With all defined formulas \((2)\),\((3)\) and \((4)\), formula \((1)\) can now be calculated as follows:
$$P(eff|X) = \frac{P^{eff} P(X|eff)}{P^{eff} P(X|eff)+P^{inf} P(X|inf)} = \frac{P^{eff} \prod_{i=1}^{19} q_{x_i^n}^{eff}}{P^{eff} \prod_{i=1}^{19} q_{x_i^n}^{eff}+P^{inf} \prod_{i=1}^{19} q_{x_i^n}^{inf}} $$
In order to actually calculate the silencing probability, only the frequency ratios q_{x_i^n}^{eff} and q_{x_i^n}^{inf} of the individual nucleotides at positions 1 to 19 are missing. These could be taken from the same publication from Takasaki as the calculations.
For the frequency ratios 833 effective and 847 ineffective siRNAs from previous publications were analyzed. For each nucleotide, the probability of occurrence was determined for each position of the siRNA. Different models were taken into account in the calculation. First of all, the occurrence of the different nucleotides at positions 1 to 19 can be considered independently. The probabilities for each position are then calculated independently. However, the occurrences of the nucleotides can also be considered dependently. This means the occurrence of a nucleotide depends on the nucleotide at the position before. For the calculation of dependent probabilities, the Simple Markow Model was used. It has been found that the resulting silence probability is most accurate when the frequency ratios of the effective siRNAs are calculated dependent and the frequency ratios of the ineffective siRNAs are calculated independent. All frequency ratios are summarized in Table X and Table Y.
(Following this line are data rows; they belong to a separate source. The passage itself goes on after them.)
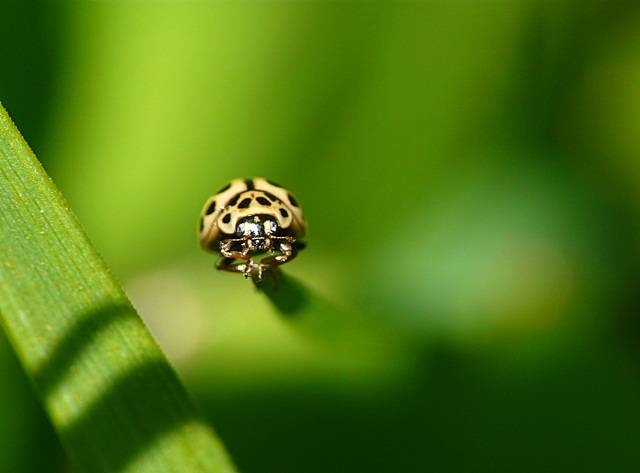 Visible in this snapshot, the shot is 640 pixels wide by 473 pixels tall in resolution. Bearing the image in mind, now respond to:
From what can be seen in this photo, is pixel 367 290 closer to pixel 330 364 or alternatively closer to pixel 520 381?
pixel 330 364

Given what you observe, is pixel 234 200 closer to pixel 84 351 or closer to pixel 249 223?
pixel 249 223

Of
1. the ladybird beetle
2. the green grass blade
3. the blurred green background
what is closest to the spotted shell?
the ladybird beetle

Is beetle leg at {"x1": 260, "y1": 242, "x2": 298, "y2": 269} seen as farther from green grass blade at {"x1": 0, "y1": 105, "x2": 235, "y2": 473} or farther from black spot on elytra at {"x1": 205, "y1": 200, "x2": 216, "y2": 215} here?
green grass blade at {"x1": 0, "y1": 105, "x2": 235, "y2": 473}

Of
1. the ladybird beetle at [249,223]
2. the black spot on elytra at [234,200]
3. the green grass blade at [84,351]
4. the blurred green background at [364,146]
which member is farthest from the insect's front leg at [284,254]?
the green grass blade at [84,351]

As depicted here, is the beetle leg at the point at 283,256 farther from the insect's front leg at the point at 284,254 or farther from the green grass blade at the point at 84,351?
the green grass blade at the point at 84,351

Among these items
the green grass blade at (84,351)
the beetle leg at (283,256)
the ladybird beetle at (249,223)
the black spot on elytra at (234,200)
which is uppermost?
the black spot on elytra at (234,200)

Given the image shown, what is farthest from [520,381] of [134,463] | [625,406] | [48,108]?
[48,108] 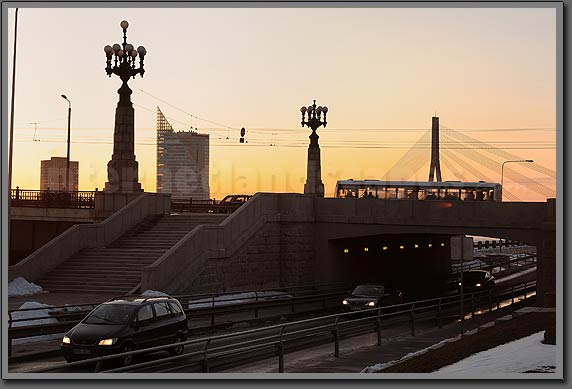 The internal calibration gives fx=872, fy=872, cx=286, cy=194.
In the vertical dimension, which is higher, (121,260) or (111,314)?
(121,260)

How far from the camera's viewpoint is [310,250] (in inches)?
1708

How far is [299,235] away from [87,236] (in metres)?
10.2

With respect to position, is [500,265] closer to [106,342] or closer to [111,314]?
[111,314]

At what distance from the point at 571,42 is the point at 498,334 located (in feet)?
27.7

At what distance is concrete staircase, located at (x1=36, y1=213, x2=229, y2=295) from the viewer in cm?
3412

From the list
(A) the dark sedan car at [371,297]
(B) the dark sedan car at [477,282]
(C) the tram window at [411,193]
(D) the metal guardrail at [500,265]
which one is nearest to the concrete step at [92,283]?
(A) the dark sedan car at [371,297]

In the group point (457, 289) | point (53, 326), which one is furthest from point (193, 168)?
point (53, 326)

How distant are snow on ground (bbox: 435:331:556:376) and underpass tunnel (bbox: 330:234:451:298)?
24410 millimetres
Together with the frequency ratios it is now possible to calculate the silencing probability for the 19 bp long binding site of siRNAs.
siRNA overhangs and scaffolds
In order to achieve effective gene silencing or knockdown, the 19 bp binding sequence must be supplemented with overhangs. There are different sequences that can be added to the binding sequence for different functionalities.
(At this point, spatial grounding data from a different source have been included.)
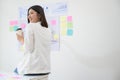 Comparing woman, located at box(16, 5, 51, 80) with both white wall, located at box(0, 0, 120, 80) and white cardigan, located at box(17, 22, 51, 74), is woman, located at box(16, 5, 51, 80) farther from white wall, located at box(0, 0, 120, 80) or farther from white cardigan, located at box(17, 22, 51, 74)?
white wall, located at box(0, 0, 120, 80)

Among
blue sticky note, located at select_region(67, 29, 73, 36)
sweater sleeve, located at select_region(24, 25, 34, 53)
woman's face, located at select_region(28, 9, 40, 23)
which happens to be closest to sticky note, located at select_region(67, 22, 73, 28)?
blue sticky note, located at select_region(67, 29, 73, 36)

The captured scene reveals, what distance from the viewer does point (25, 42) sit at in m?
1.51

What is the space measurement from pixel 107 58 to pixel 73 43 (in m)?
0.46

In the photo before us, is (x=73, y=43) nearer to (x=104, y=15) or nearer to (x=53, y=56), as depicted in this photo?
(x=53, y=56)

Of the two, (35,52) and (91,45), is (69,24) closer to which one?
(91,45)

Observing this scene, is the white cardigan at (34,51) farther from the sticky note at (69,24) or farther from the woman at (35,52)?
Answer: the sticky note at (69,24)

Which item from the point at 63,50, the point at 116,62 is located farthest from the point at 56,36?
the point at 116,62

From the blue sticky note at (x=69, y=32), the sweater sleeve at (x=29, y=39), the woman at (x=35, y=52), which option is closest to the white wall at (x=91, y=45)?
the blue sticky note at (x=69, y=32)

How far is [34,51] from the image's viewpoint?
59.7 inches

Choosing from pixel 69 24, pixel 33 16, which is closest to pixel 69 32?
A: pixel 69 24

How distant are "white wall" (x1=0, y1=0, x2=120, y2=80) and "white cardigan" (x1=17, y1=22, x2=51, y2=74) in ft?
2.66

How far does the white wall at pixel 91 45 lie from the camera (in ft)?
6.90

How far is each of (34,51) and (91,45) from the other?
917mm

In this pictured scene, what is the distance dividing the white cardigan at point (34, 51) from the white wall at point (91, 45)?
0.81 metres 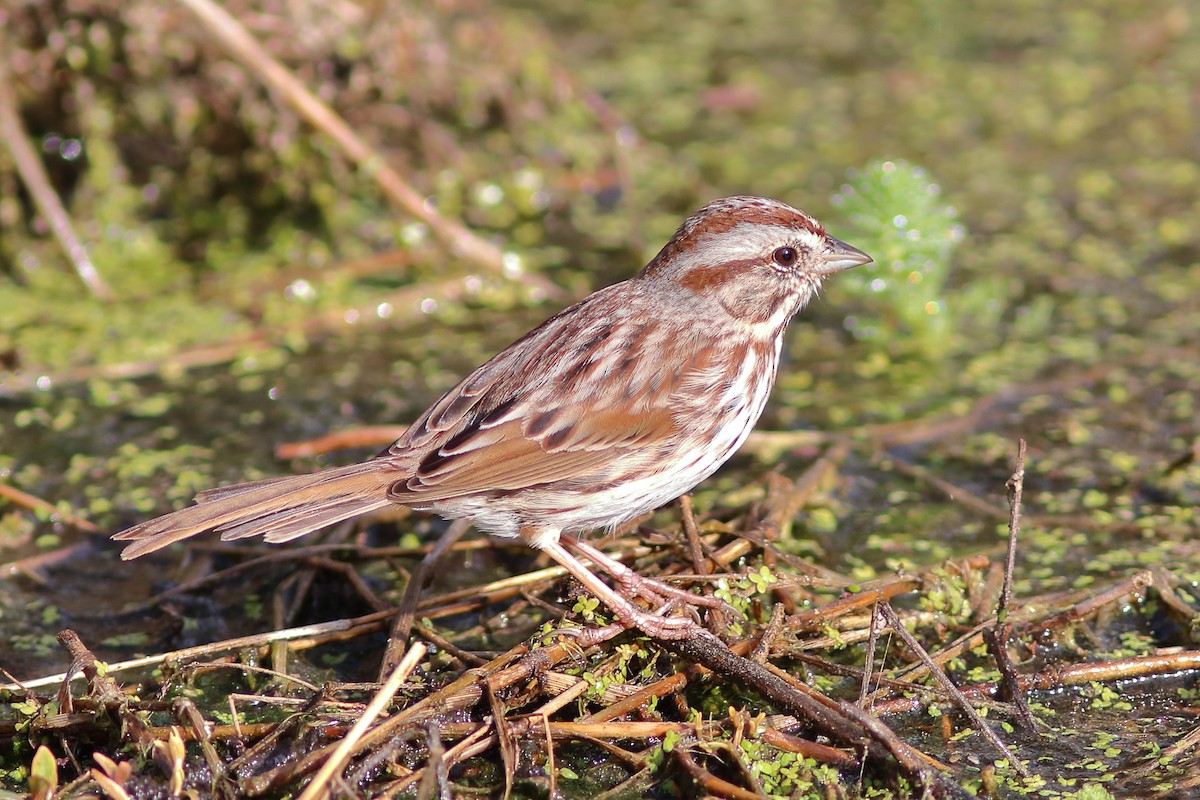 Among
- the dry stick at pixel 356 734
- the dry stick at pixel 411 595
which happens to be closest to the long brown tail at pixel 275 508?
the dry stick at pixel 411 595

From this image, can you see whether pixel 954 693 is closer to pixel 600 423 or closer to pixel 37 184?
pixel 600 423

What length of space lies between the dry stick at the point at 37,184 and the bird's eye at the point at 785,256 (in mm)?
3788

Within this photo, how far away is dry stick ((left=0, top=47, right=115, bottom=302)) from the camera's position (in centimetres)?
675

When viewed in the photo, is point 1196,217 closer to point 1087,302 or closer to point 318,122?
point 1087,302

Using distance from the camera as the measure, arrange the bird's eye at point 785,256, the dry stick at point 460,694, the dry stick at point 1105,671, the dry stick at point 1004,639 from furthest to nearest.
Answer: the bird's eye at point 785,256, the dry stick at point 1105,671, the dry stick at point 1004,639, the dry stick at point 460,694

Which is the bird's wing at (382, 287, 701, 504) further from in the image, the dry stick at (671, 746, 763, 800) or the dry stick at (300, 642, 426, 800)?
the dry stick at (671, 746, 763, 800)

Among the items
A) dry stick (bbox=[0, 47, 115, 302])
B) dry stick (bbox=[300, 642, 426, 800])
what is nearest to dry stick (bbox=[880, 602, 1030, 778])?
dry stick (bbox=[300, 642, 426, 800])

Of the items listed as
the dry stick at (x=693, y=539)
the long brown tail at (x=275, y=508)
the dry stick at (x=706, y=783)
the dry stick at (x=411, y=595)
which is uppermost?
the dry stick at (x=693, y=539)

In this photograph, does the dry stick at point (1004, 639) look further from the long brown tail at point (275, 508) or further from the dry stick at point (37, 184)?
the dry stick at point (37, 184)

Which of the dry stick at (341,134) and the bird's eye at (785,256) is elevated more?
the bird's eye at (785,256)

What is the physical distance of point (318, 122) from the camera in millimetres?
6809

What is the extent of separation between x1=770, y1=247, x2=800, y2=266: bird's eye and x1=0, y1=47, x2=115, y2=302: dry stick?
3788 millimetres

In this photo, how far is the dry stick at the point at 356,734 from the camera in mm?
3535

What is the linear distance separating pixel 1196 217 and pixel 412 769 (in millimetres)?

In Figure N the scheme of RNAi siRNAs is shown. For the siRNA to be recognized by the RNase E, the 5’ end of the siRNA have to start with the nucleotides adenine and guanine (Foley et al., 2015). Furthermore, the nucleotides at position three and four are not allowed to match with the target mRNA. At the 3’ end of the siRNA the MicC scaffold is added, which recruits the RNase E and facilitates the hybridization of siRNA and target mRNA (Na et al., 2013).
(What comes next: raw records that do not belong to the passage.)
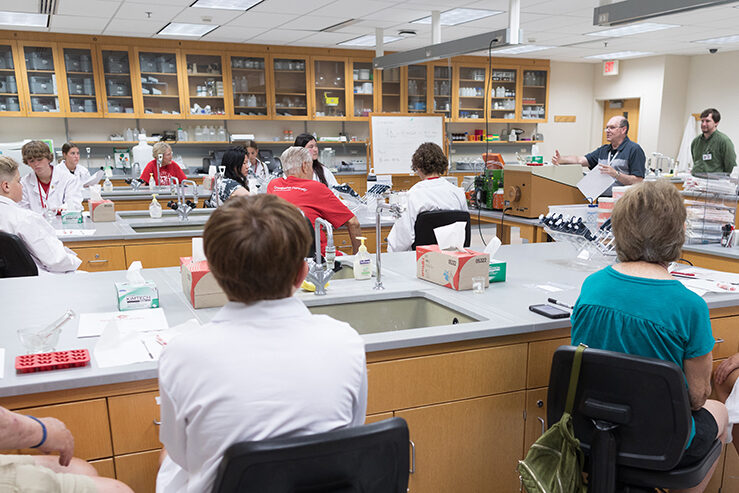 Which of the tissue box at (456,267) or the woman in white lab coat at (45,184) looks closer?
the tissue box at (456,267)

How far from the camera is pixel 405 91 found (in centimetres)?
896

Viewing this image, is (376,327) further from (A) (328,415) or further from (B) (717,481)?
(B) (717,481)

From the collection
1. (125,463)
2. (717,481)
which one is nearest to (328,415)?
(125,463)

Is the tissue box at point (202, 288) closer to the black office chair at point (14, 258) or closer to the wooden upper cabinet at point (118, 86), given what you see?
the black office chair at point (14, 258)

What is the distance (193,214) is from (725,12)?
5.76 meters

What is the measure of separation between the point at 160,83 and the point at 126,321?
6.70 meters

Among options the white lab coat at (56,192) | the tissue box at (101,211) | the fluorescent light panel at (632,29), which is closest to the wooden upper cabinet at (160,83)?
the white lab coat at (56,192)

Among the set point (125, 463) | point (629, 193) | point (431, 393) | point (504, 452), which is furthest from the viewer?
point (504, 452)

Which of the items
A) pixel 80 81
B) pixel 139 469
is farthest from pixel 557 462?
pixel 80 81

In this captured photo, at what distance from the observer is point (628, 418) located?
1.42 m

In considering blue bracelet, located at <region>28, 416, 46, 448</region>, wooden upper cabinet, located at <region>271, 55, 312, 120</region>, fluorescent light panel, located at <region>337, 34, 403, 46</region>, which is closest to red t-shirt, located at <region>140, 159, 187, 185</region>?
wooden upper cabinet, located at <region>271, 55, 312, 120</region>

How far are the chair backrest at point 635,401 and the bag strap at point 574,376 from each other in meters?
0.01

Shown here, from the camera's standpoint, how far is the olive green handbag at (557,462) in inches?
58.7

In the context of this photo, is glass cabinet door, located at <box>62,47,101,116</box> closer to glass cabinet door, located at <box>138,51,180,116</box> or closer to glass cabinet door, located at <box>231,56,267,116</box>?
glass cabinet door, located at <box>138,51,180,116</box> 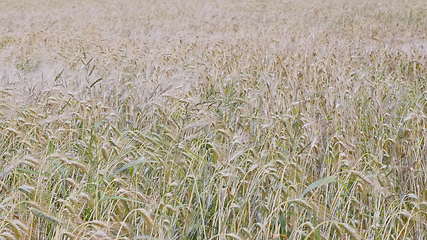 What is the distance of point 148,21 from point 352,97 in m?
9.97

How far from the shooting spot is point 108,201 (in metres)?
2.03

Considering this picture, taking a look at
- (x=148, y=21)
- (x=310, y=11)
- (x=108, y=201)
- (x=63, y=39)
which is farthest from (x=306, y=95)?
(x=310, y=11)

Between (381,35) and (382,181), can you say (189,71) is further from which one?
(381,35)

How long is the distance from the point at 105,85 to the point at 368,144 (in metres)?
2.42

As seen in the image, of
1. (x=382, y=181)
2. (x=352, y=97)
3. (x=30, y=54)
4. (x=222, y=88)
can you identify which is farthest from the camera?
(x=30, y=54)

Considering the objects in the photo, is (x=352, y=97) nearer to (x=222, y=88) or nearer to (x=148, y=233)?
(x=222, y=88)

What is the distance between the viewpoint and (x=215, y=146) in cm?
246

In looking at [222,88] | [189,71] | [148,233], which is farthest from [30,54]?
[148,233]

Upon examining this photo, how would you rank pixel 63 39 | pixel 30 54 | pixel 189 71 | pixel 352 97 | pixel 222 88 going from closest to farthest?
pixel 352 97, pixel 222 88, pixel 189 71, pixel 30 54, pixel 63 39

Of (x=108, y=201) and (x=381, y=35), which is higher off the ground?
(x=108, y=201)

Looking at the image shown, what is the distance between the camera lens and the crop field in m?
1.89

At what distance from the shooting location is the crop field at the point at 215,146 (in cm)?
189

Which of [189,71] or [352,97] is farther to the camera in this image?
[189,71]

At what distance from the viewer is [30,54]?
7148 mm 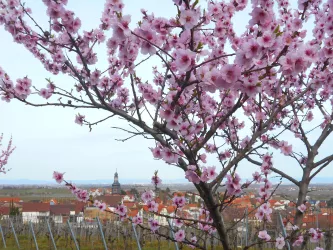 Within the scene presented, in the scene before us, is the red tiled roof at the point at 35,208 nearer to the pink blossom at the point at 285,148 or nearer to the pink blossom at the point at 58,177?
the pink blossom at the point at 58,177

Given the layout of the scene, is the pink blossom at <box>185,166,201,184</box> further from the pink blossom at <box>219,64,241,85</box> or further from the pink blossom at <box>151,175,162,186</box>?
the pink blossom at <box>151,175,162,186</box>

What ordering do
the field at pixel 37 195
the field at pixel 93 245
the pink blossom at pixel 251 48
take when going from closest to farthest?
the pink blossom at pixel 251 48 → the field at pixel 93 245 → the field at pixel 37 195

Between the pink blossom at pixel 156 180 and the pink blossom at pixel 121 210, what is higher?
the pink blossom at pixel 156 180

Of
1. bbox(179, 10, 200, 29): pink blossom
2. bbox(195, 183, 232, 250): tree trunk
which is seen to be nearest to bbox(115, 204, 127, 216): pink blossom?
bbox(195, 183, 232, 250): tree trunk

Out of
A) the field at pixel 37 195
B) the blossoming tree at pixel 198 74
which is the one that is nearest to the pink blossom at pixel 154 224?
the blossoming tree at pixel 198 74

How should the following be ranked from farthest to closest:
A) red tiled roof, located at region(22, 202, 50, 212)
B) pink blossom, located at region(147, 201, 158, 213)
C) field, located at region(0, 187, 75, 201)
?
field, located at region(0, 187, 75, 201), red tiled roof, located at region(22, 202, 50, 212), pink blossom, located at region(147, 201, 158, 213)

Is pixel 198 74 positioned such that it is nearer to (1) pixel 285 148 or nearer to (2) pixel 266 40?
(2) pixel 266 40

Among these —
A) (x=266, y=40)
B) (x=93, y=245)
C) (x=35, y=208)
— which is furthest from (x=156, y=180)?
(x=35, y=208)

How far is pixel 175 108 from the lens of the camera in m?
2.72

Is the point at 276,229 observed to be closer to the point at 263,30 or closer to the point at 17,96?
the point at 17,96

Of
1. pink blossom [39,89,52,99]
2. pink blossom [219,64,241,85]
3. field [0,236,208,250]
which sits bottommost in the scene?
field [0,236,208,250]

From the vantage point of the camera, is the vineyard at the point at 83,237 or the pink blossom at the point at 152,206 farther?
the vineyard at the point at 83,237

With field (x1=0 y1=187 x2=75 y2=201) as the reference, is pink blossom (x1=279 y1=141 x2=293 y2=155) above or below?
below

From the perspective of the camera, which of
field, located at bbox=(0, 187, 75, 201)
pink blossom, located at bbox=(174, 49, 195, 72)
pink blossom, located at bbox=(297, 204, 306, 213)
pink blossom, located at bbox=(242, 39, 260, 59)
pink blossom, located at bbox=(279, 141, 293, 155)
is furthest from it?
field, located at bbox=(0, 187, 75, 201)
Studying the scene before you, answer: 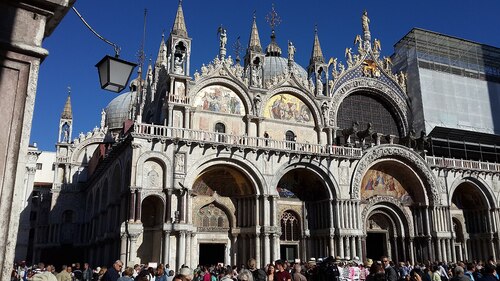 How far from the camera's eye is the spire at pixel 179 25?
95.5 feet

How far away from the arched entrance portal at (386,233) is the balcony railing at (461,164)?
4.65 meters

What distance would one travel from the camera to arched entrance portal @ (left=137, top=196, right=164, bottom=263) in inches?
983

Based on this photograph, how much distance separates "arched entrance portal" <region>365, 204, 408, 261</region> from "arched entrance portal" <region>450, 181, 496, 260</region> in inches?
185

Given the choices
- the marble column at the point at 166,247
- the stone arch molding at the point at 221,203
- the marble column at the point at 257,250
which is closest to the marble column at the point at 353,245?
the marble column at the point at 257,250

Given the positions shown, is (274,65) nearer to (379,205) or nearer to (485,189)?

Figure M shows the scheme of a siRNA that should only silence the mRNA target. To achieve a higher stability of the siRNA, the OmpA scaffold is added at the 5’ end. In addition, the hybridization of the siRNA and the target mRNA should be facilitated by MicC again.
These overhang and scaffold sequences are also part of our vector system. If the vector system is selected when using our tool, the fitting overlaps to the vectors are added automatically. More theoretical information about the overhangs and scaffolds can be found here.
Check siRNA (Alpha)
Beside the construction of siRNAs, we also implemented a check siRNA functionality, which is still under construction and only supports a few features right know. For a given target sequence and a corresponding siRNA it is checked whether the siRNA might bind to its target and how well it fulfills the described criteria’s. Furthermore, its silence effectivity is calculated.